Maersk 1
Photo: Maersk

After a “better-than-expected” first quarter, as it rounded out the half-year, Maersk today claimed it had maintained strong momentum, boasting volume growth and improved financials.

However, improved or not, against 2023, its H1 financials looked weak, with group revenue down 7% year on year, from $27.2bn to $25.1bn,  and the Ebitda fall was even sharper, down 47.7%, to $3.7bn, as Ebit collapsed, down 71%, to $1.1bn.

But, with Maersk having warned that 2024 could be a year of mounting losses, one analyst told The Loadstar that, while they were “barely acceptable”, it had reason to be pleased with the results – a stance CEO Vincent Clerc was more than happy to take up.

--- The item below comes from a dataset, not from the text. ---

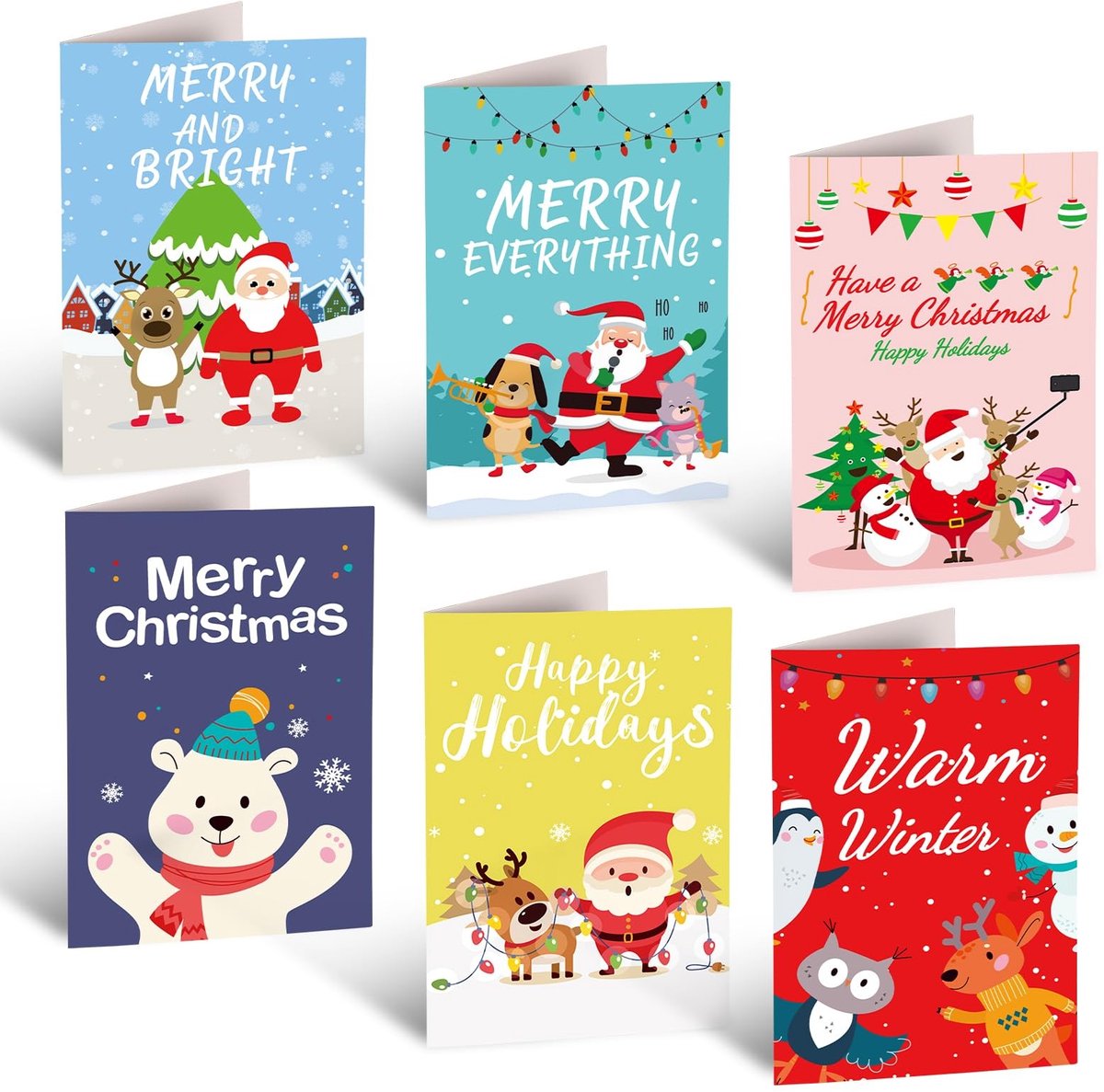 Dailygoods- Kerstkaarten Set 24 Stuks - Diverse Stijlen - Inclusief Enveloppen - 15x10cm - Feestdagen - Papieren Groetkaarten - Wenskaarten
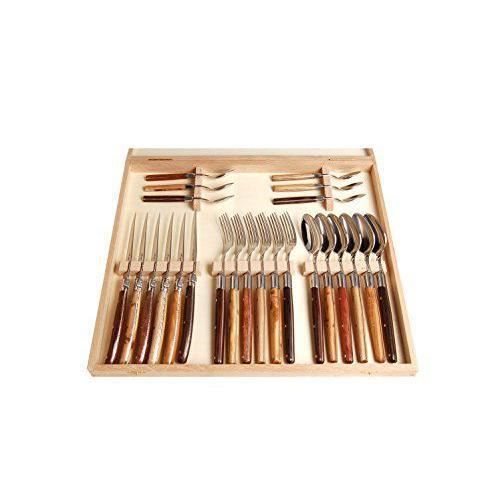 Laguiole Ménagère Mélange de bois 24pièces - 7064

He said: “Our results confirm performance in all our businesses is trending in the right direction. Market demand has been strong and the situation in the Red Sea remains entrenched.

“This leads to continued pressure on global supply chains. These conditions are now expected to continue for the remainder of the year.”

And, with the unexpected positivity that followed its first-quarter earnings announcement, APMM Group confirmed an upward-revision of its full-year Ebitda and Ebit guidance: from $7bn to 9bn to $9bn-11bn; and $1-3bn to $3-5bn, respectively.

Mr Clerc told investors: “Market demand has so far been very strong, leading to an increase in our expectation.

“And we have terminals which continue to be strong. The segment [APMT] demonstrated excellent performance, leading to one of the highest levels ever. These developments…led us to raise our guidance for 2024.”

As for quarterly performance, the revenue drop was more muted, down just 1.5%, to $12.7bn, while Ebitda dropped 27.5%, to $2.1bn, and Ebit dipped 40%, to $963m.

Broken down divisionally, Ocean’s H1 revenue was down 12%, to $16.3bn, as both Ebitda and Ebit hurtled south, down 59% to $2.3bn and 90% to $309m, respectively, but Mr Clerc said the impact of Red Sea-induced higher rates would likely materialise in Q3.

For Q2, Ocean looked in a little better shape, with revenue down just 4%, to $8.3bn, Ebitda down 37%, to $1.4bn, with Ebit having fallen 61%, to $470m.

“We’re entering the ninth month of continued threats and attacks on vessels passing through the Red Sea and the situation on the ground is not good, it is entrenched, and we expect it to stay until the end of 2024,” said Mr Clerc.

“Market demand has so far been very strong, leading to an increase in our expectation, but we are uncertain to the extent of this in Q4.”

Logistics & Services division H1 revenue rose 4.4%, to $7.1bn, although this was not enough to offset a decline of 2% ino Ebitda and a 28% drop in Ebit, to $614m and $180m, respectively.

However, Q2 revenue (at $3.6bn), Ebitda ($348m), and Ebit ($126m) all climbed, up 7.3%, 9.6% and 3.5%, respectively.

Maersk attributed the quarter’s successes to “increased volumes across all product families, more than offsetting continued low rates”, as well as the “positive impact” coming out of an initiative to address challenges in North America ground freight.

However, as Mr Clerc had intimated, its best performing sector was its smallest: Terminals. For the six-month period, revenue grew a little under 6%, to $2.08bn, with Ebitda up 21.5%, to $756m, and Ebit rising 37%, to $653m. In Q2, revenue was $1.1bn, Ebitda $408m and Ebit $353m, up 14.6%, 23% and 31%, respectively.